Nuno Melo também não poupou Marisa e João Ferreira, colocando a extrema-esquerda em Portugal ao mesmo nível de preocupação da extrema-direita europeia. Só deixou escapar Paulo Rangel e Marinho Pinto.

Marisa Matias, BE. Atacou a toda a volta, mas em carga mínima

Ataques a Nuno Melo: 6
Ataques a Paulo Rangel: 5
Ataques a Marinho e Pinto: 3
Ataques a Pedro Marques: 2

Ataques a João Ferreira: 2

Foi, a par de Marinho e Pinto, a candidata que atacou todos os adversários no debate, mas sem grande agressividade. Os seus alvos preferidos estiveram à direita: atacou seis vezes Nuno Melo e cinco Paulo Rangel. Foi sobre os dois que atirou a acusação de que “existe uma hipocrisia entre o que se diz aqui e o que se faz lá”, apontando oposições em Bruxelas a mais investimento em países como Portugal, por exemplo. Mas também responsabilizando as forças do bloco central de terem responsabilidade na ascensão dos movimentos de extrema-direita na Europa.

Neste ponto ouviu, em troca, Nuno Melo falar dos gritos pela morte de Bolsonaro no desfile do 25 de abril, vindos do BE. Marisa Matias desmentiu que alguém tivesse pedido a morte do presidente brasileiro e garantiu: “Continuarei a fazer política com sentido de humor e a sorrir”.

Também houve momentos de picardia com o comunista João Ferreira, por duas vezes, com a candidata a estranhar mesmo os ataques vindos desse lado — e a responder-lhes, ainda que de forma soft.

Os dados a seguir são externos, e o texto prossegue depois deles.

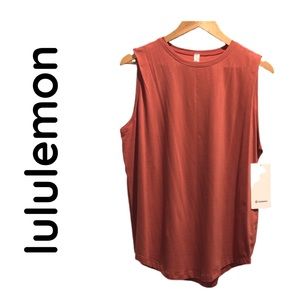 [lululemon] Tank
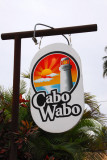 Cabo Wabo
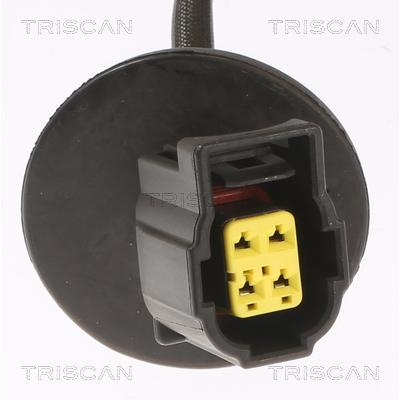 TRISCAN Lambdasonde 8845 10035 für Peugeot MITSUBISHI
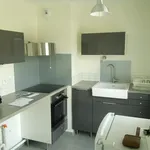 Rent 1 bedroom apartment of 267 m² in GIERES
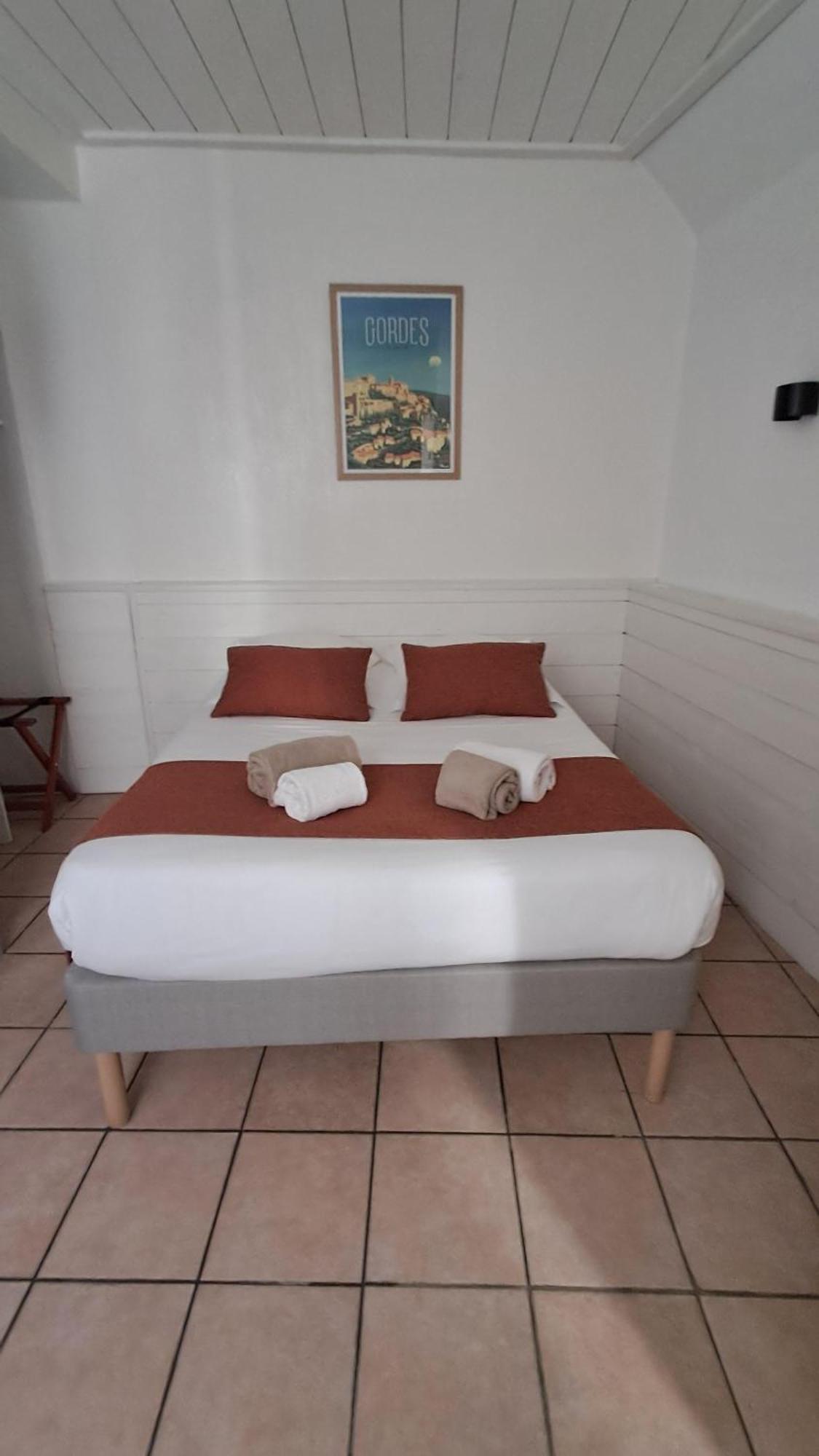 Hotel L'Herbier D'Orange Orange  Eksteriør bilde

No início, depois de João Ferreira ter acusado o BE de ter ficado no auto-elogio do seu resultado, na noite eleitoral de 2015 — da qual sairia a “geringonça” — Marisa Matias avisou que não se enganava sobre quem era o seu adversário. Isto é, não estava ali para combater a esquerda, mas sim a direita.